Still another study asked these meat eaters to write about the process of raising and killing animals for food. They were all told there would be a food sampling after they finished writing. Half the people were told they’d be served fruit and half the people were told they’d be served beef and lamb. Before they ate, the participants were asked to rate the mental abilities of cows and sheep. Now, get a load of this!: The people that were expecting to eat meat rated the mental abilities of cows and sheep much lower than the people that knew they were going to eat fruit. Say whaaat?!
The abstract summarizes the implications nicely:
Many people like eating meat, but most are reluctant to harm things that have minds. The current three studies show that this dissonance motivates people to deny minds to animals. Study 1 demonstrates that animals considered appropriate for human consumption are ascribed diminished mental capacities. Study 2 shows that meat eaters are motivated to deny minds to food animals when they are reminded of the link between meat and animal suffering. Finally, Study 3 provides direct support for our dissonance hypothesis, showing that expectations regarding the immediate consumption of meat increase mind denial. Moreover, this mind denial in turn reduces negative affect associated with dissonance.

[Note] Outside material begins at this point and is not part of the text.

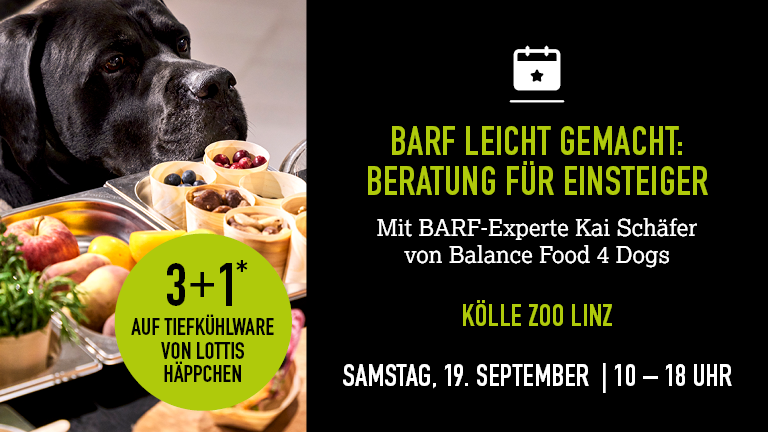 190926 Barf Linz Mobile 768x432px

So, how wacky are meat eaters?! They don’t even know they do this! Wacky meat eaters. I wonder if people who don’t eat meat get any mental benefit because they don’t have to reconcile this dissonance. Know what I mean? Like maybe we save mental energy and can focus that energy on additional intellectual endeavors. Hold up, I think we just figured out why I’m such a Super Genius!